Kusterle, the company's NBC officer -- responsible for nuclear, biological and chemical hazards -- told Beckett that an Iraqi had come to the gate claiming that the head scientist here before the war had "worked on anthrax and buried an anthrax culture machine here."
"Are there any signs or reports of dead animals in the area?" Beckett asked.
"No," Kusterle said.
"Has [military intelligence] been called in?"
"No."
Beckett took the scientist's name and moved on.
The team took another road, armed with heavy machine guns and rocket-propelled grenades. Using a bathtub-size instrument that recorded time and location with each measurement, they began to build a three-dimensional radiation map of the site. Beckett, who directs special nuclear programs at the Defense Threat Reduction Agency (DTRA), made a more targeted survey.
He headed first for Osirak, the French-built research reactor that Israel destroyed just before it became operational in 1981. From a distance, the reactor's three towers and supporting bulk looked almost intact, though the cooling-pump building listed 45 degrees. Up close, the reactor was an empty hulk. A wall mural of a heroic Saddam Hussein -- with the gleaming reactor on one side and pharaonic splendors on the other -- stood amid the rubble.

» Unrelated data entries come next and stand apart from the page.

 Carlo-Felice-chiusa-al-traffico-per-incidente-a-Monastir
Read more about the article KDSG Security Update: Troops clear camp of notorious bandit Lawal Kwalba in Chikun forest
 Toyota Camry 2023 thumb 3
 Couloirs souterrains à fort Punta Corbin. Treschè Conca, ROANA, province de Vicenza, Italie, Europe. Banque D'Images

Beckett climbed what appeared to be a bunker built up from the ground, covered by a sloping metal roof. A device the size of a TV remote control began vibrating at his ankle, and indicators lit for gamma and neutron bombardment. Beckett crawled under the low-slung roof and found what he estimated to be four rows and 20 columns of buried drums, each with a massive lid bolted flush to the ground.
An expert close to the IAEA's Iraq Action Team said the location of those drums, recorded with a reporter's hand-held global positioning device, corresponded to what the agency calls Building 39, a permanent storage site for low-level nuclear waste.

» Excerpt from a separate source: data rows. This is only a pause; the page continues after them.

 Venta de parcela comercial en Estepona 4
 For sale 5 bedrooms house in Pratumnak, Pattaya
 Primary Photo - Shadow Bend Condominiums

A more dangerous find by Beckett's team came in a black corrugated metal shed next to a low stone storage area, a site known to U.N. inspectors as Building 55. The IAEA lists those structures as "mechanical workshops and stores." But an Army Special Forces captain named Drew said he got "a huge spike" on his detector from 15 feet away, and he pinpointed a metal storage cylinder the size of a small fire hydrant. There were more of them, and they were corroding. The lock on the shed's door had been forced open.
"I'm getting thorium," Rick said, reading the energy spikes on his monitor. Then came cesium and cobalt. Short-term exposure to particles of those radioactive metals poses no serious threat, but they can be dangerous if inhaled.
"All right," Beckett called out. "Everybody who was inside that place, just go and stand over there." He checked them for contamination but found nothing dangerous in the dust clinging to their clothes.
A few hundred yards away, the team found more equipment that scavengers had tried to drag toward a parking lot.
Next to a heavy lathe were 19 small yellow cylinders and four large gray ones. They were emitting so much gamma and neutron radiation that the team could not interpret the results.
"It overpowers the system," Beckett said. Scientists will do further analysis at DTRA headquarters in Virginia.
David Albright, an expert on the Iraqi nuclear program who runs the Washington-based Institute for Science and International Security, said, "There are many radioactive areas within the berm. . . . Clearly, they do not appear adequately protected. If any radioactive material has been taken, it could pose a significant risk to those who have it. Does the military appreciate this risk?"
Meanwhile, at the nearby Tuwaitha storage site, security remains a concern. Administration officials in Washington said again today that they intend to involve the IAEA eventually, because the radioactive materials there are under the U.N. agency's seal, which the United States is treaty-bound to respect. But the Pentagon and State Department are still trying to formulate guidelines for a U.S. search team to make a preliminary survey.
"It's very distressing," said a nuclear expert with close ties to the IAEA's director general, Mohamed ElBaradei. The agency "expects measures to be taken so that the looting that took place a month ago will not continue to take place this month. This material really should not be moved."